Ketiga tokoh kita di atas, kesemuanya ateis dengan gradasi klimaksnya: Ryu Hasan terduga ateis, Richard Feynman -- sesuai pernyataanny sendiri, avowed atheist (ateis terang-terangan), dan Dennett -- menurut Britannica--merupakan tokoh terkemuka dalam gerakan ateis pada awal abad ke-21.

Apakah ilmuwan dengan segala kemampuan dalam memahami keilmuannya cenderung akan ateis? Atau, dengan kata lain, apakah ilmu selalu bertentangan dengan iman?

Tentu tidak. Sejarah membuktikan tidaklah sedikit nama-nama besar dalam sains yang bahkan sangat religius. Lalu mengapa kini ada kecenderungan yang ateis datang dari kalangan orang-orang pandai?  "They are atheists first, and scientists after," jawab Hadhrat Mirza Tahir Ahmad dalam bukunya Revelation, Rationality Knowledge and Truth. Umumnya mereka telah menjadi ateis sebelum mereka menjadi saintis. "Pemisahan antara wahyu dan rasionalitas, agama dan logika pasti tidak rasional. Jika agama dan rasionalitas tidak dapat berjalan beriringan, pasti ada sesuatu yang salah dengan salah satu dari keduanya.

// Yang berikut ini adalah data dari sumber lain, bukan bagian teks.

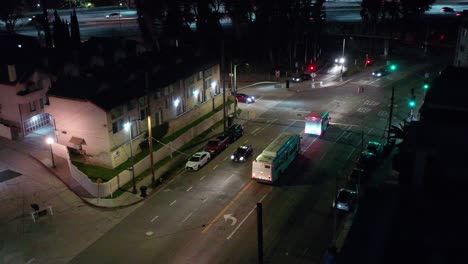 Los-Autobuses-De-Tránsito-De-La-Ciudad-Conducen-Por-La-Carretera-Por-La-Noche.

Apakah wahyu memainkan peran penting dalam urusan manusia? Apakah rasionalitas tidak cukup untuk membimbing manusia dalam semua masalah yang dihadapinya? Banyak pertanyaan seperti ini ditinjau dengan cermat," tulis penerbit buku tersebut di bagian kulit belakangnya. 

Iman dalam perspektif saintisme, menurut Umar Nasser dalam Beyond the World: God in the Age of Science, saat ini menjadi kata yang kotor. Makna yang sebenarnya telah menjadi tidak jelas, konotasinya menjadi bahan ejekan para elit intelektual yang percaya bahwa metode ilmiah adalah kunci keselamatan umat manusia. "Posisi mereka mungkin memiliki beberapa pembenaran. Kemajuan material yang luar biasa yang dibawa oleh revolusi ilmiah dalam beberapa abad terakhir ini dapat dilihat oleh semua orang. Perkembangan kita dalam bidang kedokteran dan teknologi adalah hasil dari penyelidikan ilmiah ini, di mana kita mengumpulkan data empiris dan menguji hipotesis dengan eksperimen. Hasilnya telah mengubah cara hidup kita secara radikal. Namun, saat ini sains tidak hanya digunakan sebagai alat untuk meningkatkan kualitas hidup kita, tetapi juga sebagai senjata yang ditujukan langsung ke jantung agama. Para ateis terkemuka di zaman kita, seperti Richard Dawkins dan Sam Harris, cenderung merupakan ilmuwan yang mapan. Mereka dan legiun pengikutnya percaya bahwa umat manusia harus tunduk pada kekuatan ilmu pengetahuan modern untuk membebaskan kita dari belenggu takhayul kuno. Memang, semangat misionaris mereka telah dikenal sebagai semangat religius yang sejajar dengan semangat keagamaan, dengan Sains sebagai tuhan baru mereka," tulisnya.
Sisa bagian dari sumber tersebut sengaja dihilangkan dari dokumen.